Thirteen years ago the Kyoto Protocol attempted to limit emissions of six types of greenhouse gases; these are carbon dioxide, methane, nitrous oxide, hydrofluorocarbons, perfluorocarbons and sulphur hexafluoride. You can see the effect of these if you put “Global Warming Potential Index” into the search facility that good folk at WordPress have kindly provided near the top of this web page.
There are other greenhouse gases, which have only fairly recently been found to have heat trapping qualities. These are not covered by any international treaty. The most damaging of the greenhouse gases unaffected by Kyoto is nitrogen trifluoride (NF3), which looks set to become a rapidly growing greenhouse gas problem.
You might be relieved that this obscure chemical is not an ingredient in any of the cleaning products is not under your kitchen sink or in your garage or workshop, but it is cleaning agent: nitrogen trifluoride is mainly used in equipment cleaning, but also as a plasma etchant for thin-film liquid crystal displays and thin-film photovoltaics. Ironically, thin film photovoltaics, designed to avoid emissions produced by fossil fuel burning may end up causing just as bad a greenhouse effect as carbon dioxide does unless the use of nitrogen trifluoride is properly controlled, or better still an alternative is found which does not damage the environment.

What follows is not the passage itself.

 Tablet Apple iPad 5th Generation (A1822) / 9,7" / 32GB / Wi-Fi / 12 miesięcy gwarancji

Nitrogen trifluoride is also widely used in electronics. If you have cellular telephone, an MP3 player and a flat screen television or a computer, or anything else that contains semiconductors the nitrogen trifluoride will have almost certainly been used in its production. The production of semiconductors across the world is a massive industry. Semiconductors are usually made of silicon, a very common element and work devices such as flat screen televisions by allowing electronic conduction in a solid state.

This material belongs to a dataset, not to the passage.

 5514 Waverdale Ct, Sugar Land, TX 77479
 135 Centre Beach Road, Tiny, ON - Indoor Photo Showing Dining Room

Solid state electronics manipulate current to create the messages that cause the letters of my the words to appear on my screen when I hit my keyboard as I type this post. Nitrogen trifluoride has been used to enable me to write these essay that can be read virtually anywhere in the world (and they seem to be) as well as to enable the readers to read my essays.

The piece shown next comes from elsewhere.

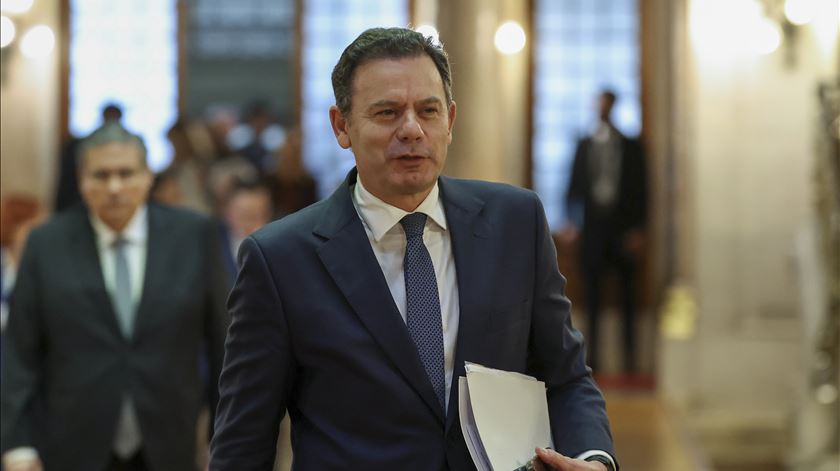 Governo contrata plataforma para vigiar redes sociais, mas recusa estar a "monitorizar" jornalistas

Nitrogen trifluoride was first introduced in the semiconductor industry as an alternative to the perfluorocarbon (C2F6) which has an atmospheric lifetime of 10,000 years and is about 9,000 times more powerful a greenhouse gas than carbon dioxide. Fortunately for everyone perfluorocarbon is emitted into the atmosphere at a tiny rate, compared with the dreaded CO2.
Whereas the 100 year global warming potential of carbon dioxide is 1, the 100-year global warming potential of Nitrogen trifluoride is 16,800. Its shelf life – the “best before date” or rather the “worst before date” is 550 years compared with 100 years for carbon dioxide.
Increasing demand saw worldwide production of nitrogen trifluoride rise by about 50% from 2008 to 2007 and the signs are that it continues to rise. Of course, manufacturers and users of nitrogen trifluoride do try not to waste any or allow any to escape into the atmosphere. However it is startling to learn from Michael Prather’s work that if all the nitrogen trifluoride produced this year were to be released into the atmosphere, it would have a global warming effect as severe as 67 million tonnes of carbon dioxide in the air, a small amount compared with the 7.5 billion tonnes that goes and stays in the air, without being recycled by plants and the soil and the oceans.
There is no monitoring of nitrogen trifluoride in the atmosphere. Its control is largely left to local health and safety regulations –an often under resourced inspectorate in many places. Most of the nitrogen trifluoride produced is destroyed and never reaches the atmosphere. Two studies have found that only two to three per cent of the gas escapes destruction after its use. If you rely on manufacturer’s estimates of the escape of the gas you are relying on self reporting by the very industry that benefits form the production of nitrogen trifluoride; that is not generally satisfactory for something with such a high level of danger, in terms of its shelf life and its massive global warming potential.
Mr Prather intends to monitor the levels of nitrogen trifluoride in the air. It seems odd that we need to rely on one scientist to do this and odder still that there is no international regulation of nitrogen trifluoride, but then again, no odder than the Kyoto, an inadequate mechanism to control climate change.